REQUIREMENT: Copying rule for the data below: pictures stay out, and only the lines from the one with "Pacer GTX 500" down to the one with "Silver Heart Lariat", inclusive, are repeated exactly.

GIVEN DATA:
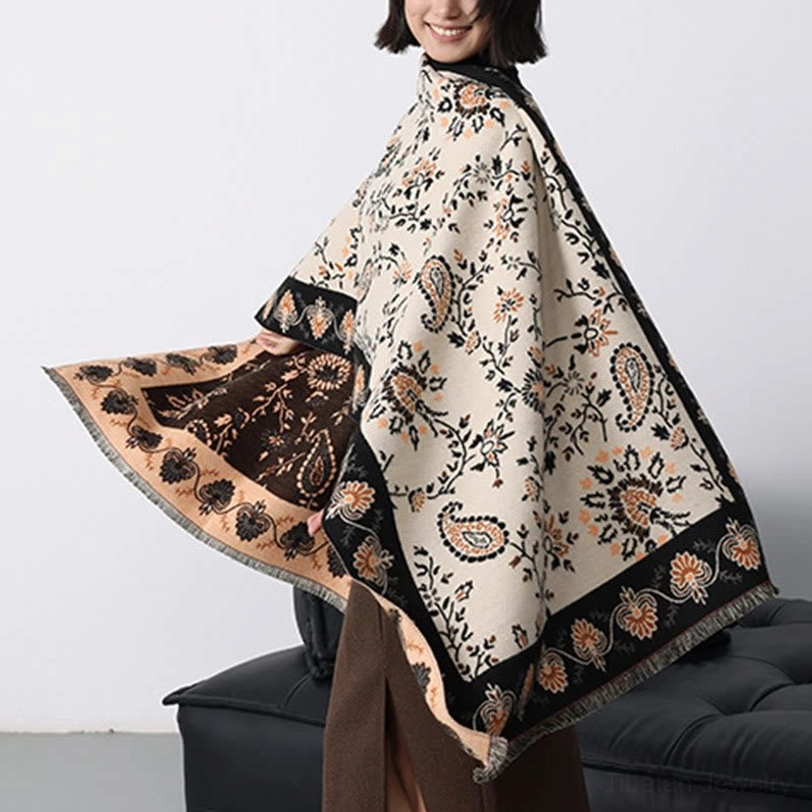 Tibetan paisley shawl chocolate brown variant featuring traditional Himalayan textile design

--

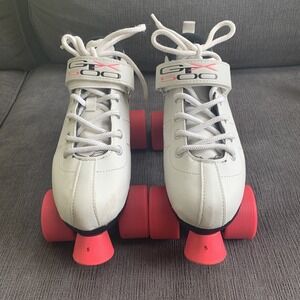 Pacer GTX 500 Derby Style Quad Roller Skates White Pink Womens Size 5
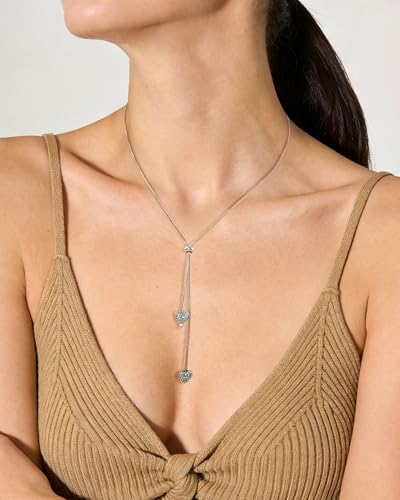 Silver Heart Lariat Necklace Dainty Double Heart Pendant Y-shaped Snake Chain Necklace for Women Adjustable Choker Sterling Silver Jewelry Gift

THE ANSWER:
 Pacer GTX 500 Derby Style Quad Roller Skates White Pink Womens Size 5
 Silver Heart Lariat Necklace Dainty Double Heart Pendant Y-shaped Snake Chain Necklace for Women Adjustable Choker Sterling Silver Jewelry Gift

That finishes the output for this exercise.